═══ DATA TO EXAMINE

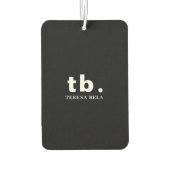 Monogram Classic Elegant Minimal Black and White カーエアーフレッシュナー (裏面)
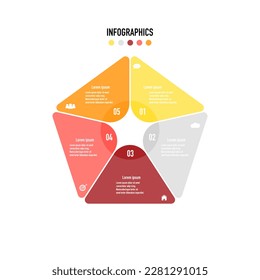El diseño de vectores de iconos de negocio se puede aplicar a formularios de flujo de trabajo, diagrama, presentación, trabajo como paso con 5 pasos.

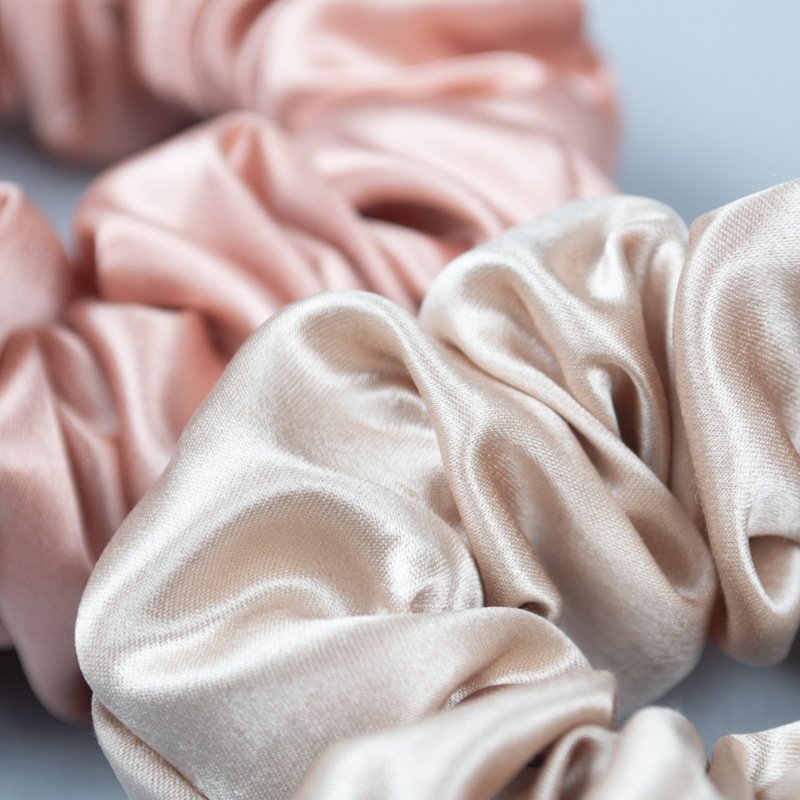 satin mulberry silk hair ties 100% pure real silk scrunchies skinny silk custom flower scrunchies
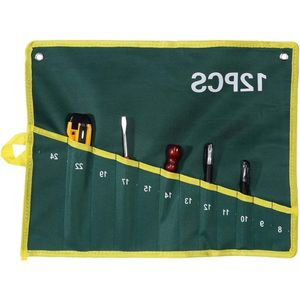 Inovra - Canvas gereedschapstas voor schroevendraaiers en tangen - Roll-up opbergtas voor houtarbeiders en doe-het-zelvers - 12 stuks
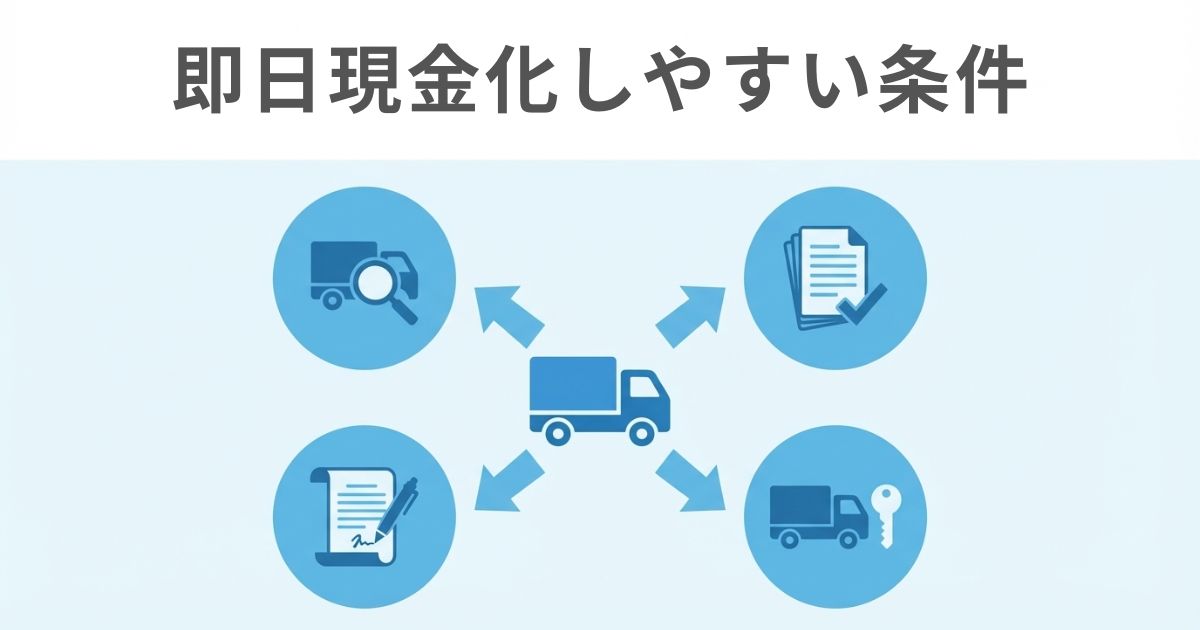トラックの即日現金化が進みやすい条件と難しい条件を整理した図解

══════

What is needed is a word-for-word restatement of the entries, minus any pictures.

 Monogram Classic Elegant Minimal Black and White カーエアーフレッシュナー (裏面)
El diseño de vectores de iconos de negocio se puede aplicar a formularios de flujo de trabajo, diagrama, presentación, trabajo como paso con 5 pasos.

 satin mulberry silk hair ties 100% pure real silk scrunchies skinny silk custom flower scrunchies
 Inovra - Canvas gereedschapstas voor schroevendraaiers en tangen - Roll-up opbergtas voor houtarbeiders en doe-het-zelvers - 12 stuks
トラックの即日現金化が進みやすい条件と難しい条件を整理した図解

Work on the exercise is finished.